A Physics-Informed Dual-Branch Neural Network for Scattering from 3D Dielectric Objects

The scattering center (SC) model provides a compact, physically interpretable, and efficient representation of electromagnetic (EM) scattering by approximating the total field as a superposition of dominant contributors characterized by location, amplitude, and phase. However, extending the SC model to three-dimensional (3D) dielectric objects remains challenging due to complex scattering mechanisms inherent to 3D dielectric objects. This paper presents a physics-informed dual-branch convolutional learning (PhiDCL) neural network for efficient, accurate, and interpretable EM scattering from arbitrarily shaped 3D dielectric objects. The proposed approach employs a dual-branch convolutional neural network (CNN) to learn the real and imaginary components of the complex scattering weights associated with equivalent scattering centers. By incorporating wavelength-scale geometric embedding and directional feature encoding, the network captures physically meaningful scattering behaviors while requiring only a limited set of full-wave simulations for training.
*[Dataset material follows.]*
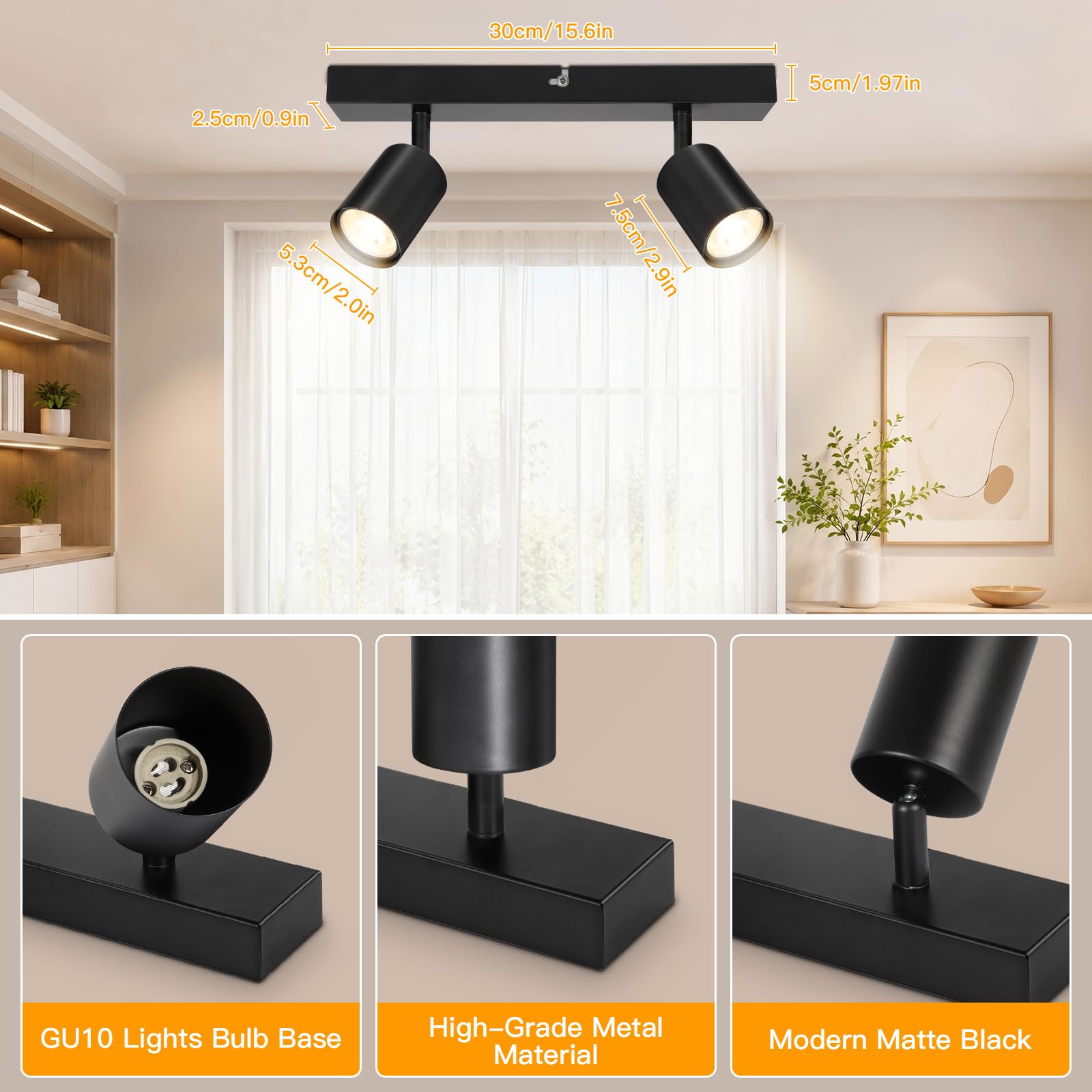 Lámpara de Techo de 2 Focos Giratorios GU10, Lámpara de Pared Interior LED Negro Ajustables, Foco de Pared para Interior Iluminación para Dormitorio Pasillo Cocina, Sin Bombilla GU10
Extensive validation on canonical and realistic objects, including cones, cubes, SLICY-like structures, and UAVs, demonstrates that PhiDCL achieves accurate radar cross-section (RCS) predictions with consistently low mean absolute errors (typically below 1 dB) across different geometries, material parameters, and incident angles. Compared with traditional numerical full-wave methods, it improves the computational efficiency by more than two orders of magnitude. The resulting parametric model serves as a scalable surrogate for rapid RCS estimation, target recognition, and inverse scattering analysis, enabling real-time EM signature prediction in resource-constrained applications.